Disclosure: When you click a link and buy stuff to pimp up your build, I may earn a commission so I can put some more bling on my rides as well.

An in-depth review of the Rolf Dolomite wheels

I recently bought a set of Rolf Dolomite wheels to finally wrap up the Cannondale Super V restoration.

The drivetrain of this bike was constantly having slipping issues. But it was only after I installed a new chain, new cassette, new chainrings, and a new bottom bracket that I discovered the actual problem was with the freehub body.

So as a last ditch resort I researched vintage mountain bike wheels and decided to buy this absolutely gorgeous pair of blue-anodized Rolf Dolomite wheels to match the blue of the custom paint job.

Thank god it resolved the issue I was experiencing for so long and I could finally enjoy all the work that had gone into this bicycle restoration.


The birth of paired spoke design

In the late nineties an engineer named Rolf Dietrich pitched the idea of a wheel design using less spokes to Trek.
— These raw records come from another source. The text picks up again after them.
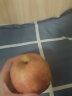 红富士苹果冰糖心丑苹果正宗山西运城时令生鲜脆甜苹果新年年货 9.5-10斤【果王】80+ 实拍图
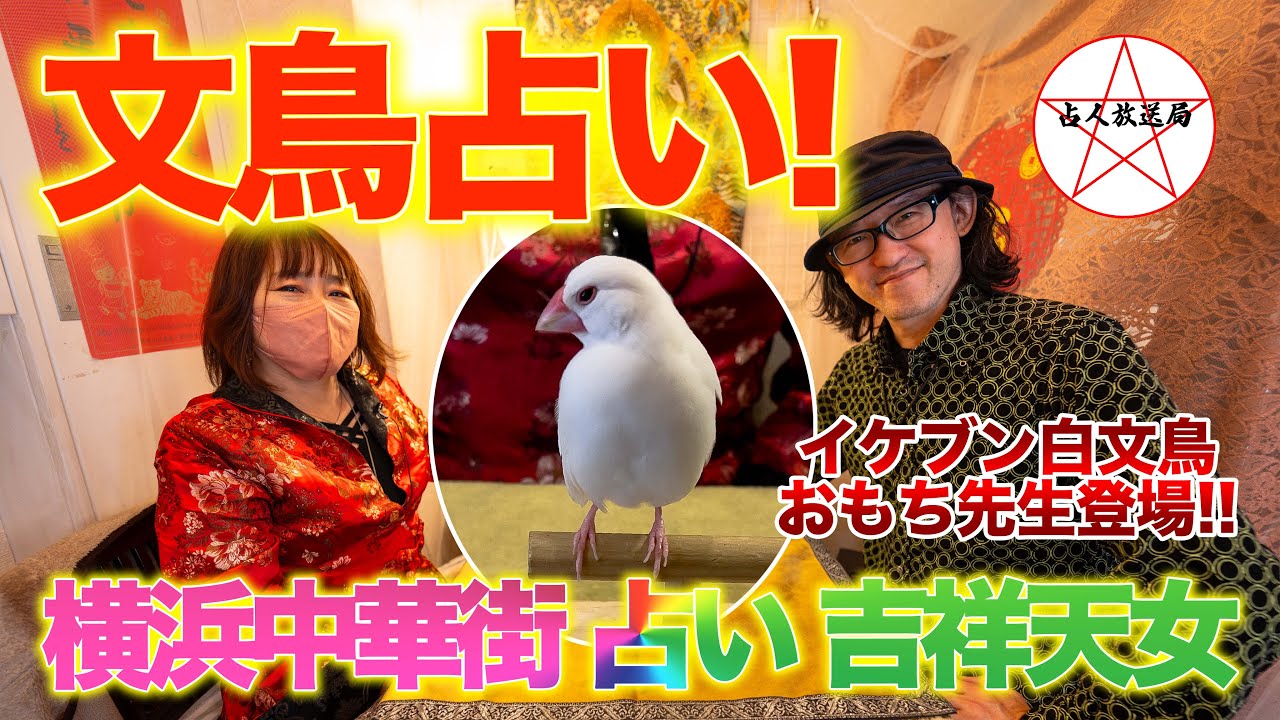 大人気！文鳥占い！イケブン白文鳥おもち先生登場！【占人放送局＆吉祥天女コラボ企画①】 ＃文鳥占い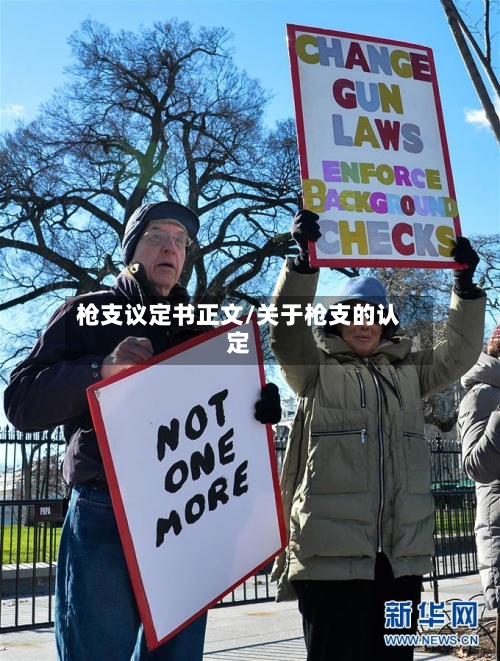 枪支议定书正文/关于枪支的认定-第3张图片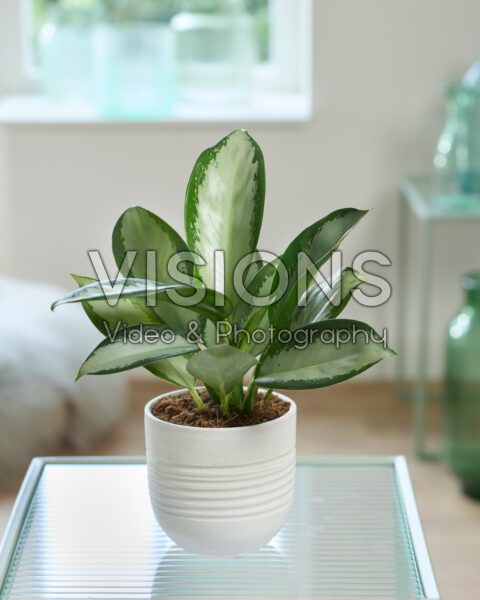 buy trailing philodendron Buy Philodendron Brazil in Hanging Basket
Trek decided to license the brand name and from 1997 started to mount their premium models with wheels with the Rolf brand on them.

1999 Trek VRX 500

1999 was the year the top-end Trek VRX 500 featured these Rolf Dolomite wheels.

I’m no engineer and I don’t understand how he did it, but somehow by pairing spokes he got away with using less of them in a wheel.

Where a normal wheel would traditionally feature 36 spokes, my Rolf Dolomite wheels would feature 24 spokes front and back.

Another thing I noticed was that the rear rim is actually asymmetric, with the center-line slightly off to the left of the rim. Again, no idea why that is, but it’s another odd engineering touch for this wheelset.

You can imagine that having this amount of spokes on mountain bike was pretty revolutionary for the time and I thought they always looked absolutely awesome. Even the skewers look good.

In 2001 the license stopped and Rolf went on to create his own company, which still exists under the Rolf Prima brand name.

The original wheels produced for Trek will have a “Rolf” decal on the hub. If you find those wheels you know they’re at least 20 years old.

As far as the durability of the wheels I can’t really say I know how well they will hold up over time. And I’m not particularly inclined to find out.

Because of the rarity and the extremely good state of the wheels, they cost me a considerable amount of money. And it’s not like you can find spare parts for these wheels anymore. At least not very easy.

Concluding remarks for the Rolf Dolomite wheels

Restoring and riding older bikes for me is in part getting a taste of something that a lot of people spend a huge amount of time and energy on, bringing it to the world. And the combination of this first generation Super V with the Rolf Dolomite wheels is just that.